(Recorded information begins)

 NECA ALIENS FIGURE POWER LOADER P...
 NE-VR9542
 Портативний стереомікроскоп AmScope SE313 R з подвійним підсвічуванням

(Recorded information ends)

The task: What is needed is a verbatim copy of the data, complete from first line to last.

Reply:
 NECA ALIENS FIGURE POWER LOADER P...
 NE-VR9542
 Портативний стереомікроскоп AmScope SE313 R з подвійним підсвічуванням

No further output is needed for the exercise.